Voilà Coriolan chez Dalila ; la sirène étrangère qui reçoit des espions, l’affole d’amour, exige de l’or, et lui en montre la source abondante et facile : la trahison.

C’était une petite bourgeoise, une dame Déry, Autrichienne, maîtresse « d’un ancien officier, riche industriel, intelligente et instruite, mais ni jeune ni jolie, ayant la charge d’un enfant[1] » ; elle recevait les amis de son amant, des officiers, le commandant Gendron. Dreyfus avait désigné Gendron à Du Paty comme fréquentant, lui aussi, chez la prétendue Dalila.

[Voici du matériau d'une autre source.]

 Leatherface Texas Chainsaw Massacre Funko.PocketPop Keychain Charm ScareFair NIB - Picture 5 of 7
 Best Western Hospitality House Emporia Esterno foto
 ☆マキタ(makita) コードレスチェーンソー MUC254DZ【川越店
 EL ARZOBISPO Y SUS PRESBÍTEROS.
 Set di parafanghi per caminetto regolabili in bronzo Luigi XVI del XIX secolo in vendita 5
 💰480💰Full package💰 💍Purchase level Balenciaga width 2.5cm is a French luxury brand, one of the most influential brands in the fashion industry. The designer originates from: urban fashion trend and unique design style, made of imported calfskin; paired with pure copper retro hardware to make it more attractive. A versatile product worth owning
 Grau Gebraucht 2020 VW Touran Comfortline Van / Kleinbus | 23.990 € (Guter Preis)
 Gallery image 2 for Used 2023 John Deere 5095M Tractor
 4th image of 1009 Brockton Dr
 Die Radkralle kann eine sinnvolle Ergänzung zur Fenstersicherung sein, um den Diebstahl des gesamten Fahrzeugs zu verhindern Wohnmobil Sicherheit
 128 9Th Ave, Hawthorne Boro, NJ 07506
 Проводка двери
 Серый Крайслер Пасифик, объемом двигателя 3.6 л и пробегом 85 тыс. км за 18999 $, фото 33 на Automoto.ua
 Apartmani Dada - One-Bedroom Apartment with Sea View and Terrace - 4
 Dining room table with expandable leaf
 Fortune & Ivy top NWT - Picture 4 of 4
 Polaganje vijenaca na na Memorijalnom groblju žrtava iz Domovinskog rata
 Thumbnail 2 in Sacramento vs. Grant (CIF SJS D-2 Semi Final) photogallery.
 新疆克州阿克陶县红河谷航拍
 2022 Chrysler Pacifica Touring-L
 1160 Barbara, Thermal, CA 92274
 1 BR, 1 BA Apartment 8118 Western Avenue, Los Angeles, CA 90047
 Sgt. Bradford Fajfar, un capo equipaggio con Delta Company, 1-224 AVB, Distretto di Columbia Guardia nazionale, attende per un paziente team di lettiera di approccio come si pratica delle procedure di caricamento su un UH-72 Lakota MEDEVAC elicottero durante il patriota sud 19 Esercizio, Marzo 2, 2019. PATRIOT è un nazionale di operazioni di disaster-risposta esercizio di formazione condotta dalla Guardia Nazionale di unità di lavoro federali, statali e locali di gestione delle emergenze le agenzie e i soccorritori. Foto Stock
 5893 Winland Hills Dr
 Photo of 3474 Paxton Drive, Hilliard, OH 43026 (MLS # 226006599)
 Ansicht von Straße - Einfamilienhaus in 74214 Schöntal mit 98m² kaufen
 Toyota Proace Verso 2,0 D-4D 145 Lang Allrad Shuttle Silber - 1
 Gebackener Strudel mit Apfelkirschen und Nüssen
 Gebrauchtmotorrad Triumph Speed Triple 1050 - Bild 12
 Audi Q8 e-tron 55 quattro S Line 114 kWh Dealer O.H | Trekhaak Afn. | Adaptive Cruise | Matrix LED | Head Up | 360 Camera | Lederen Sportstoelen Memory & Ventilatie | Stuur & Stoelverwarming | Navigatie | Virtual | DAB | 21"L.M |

Mercier vit la précarité de ce réquisitoire. Malgré l’habileté de Du Paty à dénaturer les faits, — et qu’eussent-ils prouvé s’ils avaient été vrais ? quel ambitieux n’eût ressenti quelque amertume d’une déception imméritée ? quel officier n’a pas eu de maîtresse ? — c’était le néant. Rien qu’une expertise contestée, viciée par la fraude ! Quel tribunal condamnerait sur un pareil dossier ?

Si le silence, qu’il avait prescrit, avait été gardé, l’affaire encore eût pu être classée. Mais les indiscrétions continuaient, filtraient de toutes parts. Ce même jour, l’Éclair précisait que le coupable n’était pas un officier supérieur, que l’enquête venait d’être achevée ; la Patrie ajoutait que le traître était « un officier israélite, attaché au ministère de la Guerre », qui aurait tenté de vendre « à l’Italie des documents confidentiels ». Éclair et

  1. Rennes, II, 67, Gendron. Ce témoin ajoute : « Son intérieur n’était pas des plus sérieux ; ce n’était pas celui d’une courtisane complète ; ce n’était pas non plus celui d’une très honnête femme ; c’était en somme un milieu tout à fait équivoque. » Gendron aurait dit à son ami, l’ancien officier, l’amant de cette femme : « Elle doit trouver autre part que dans la galanterie l’argent nécessaire à son train de maison ; je ne serais pas surpris qu’elle soit une espionne. » Et l’ami aurait abandonné sa maîtresse, en faisant un sacrifice d’argent.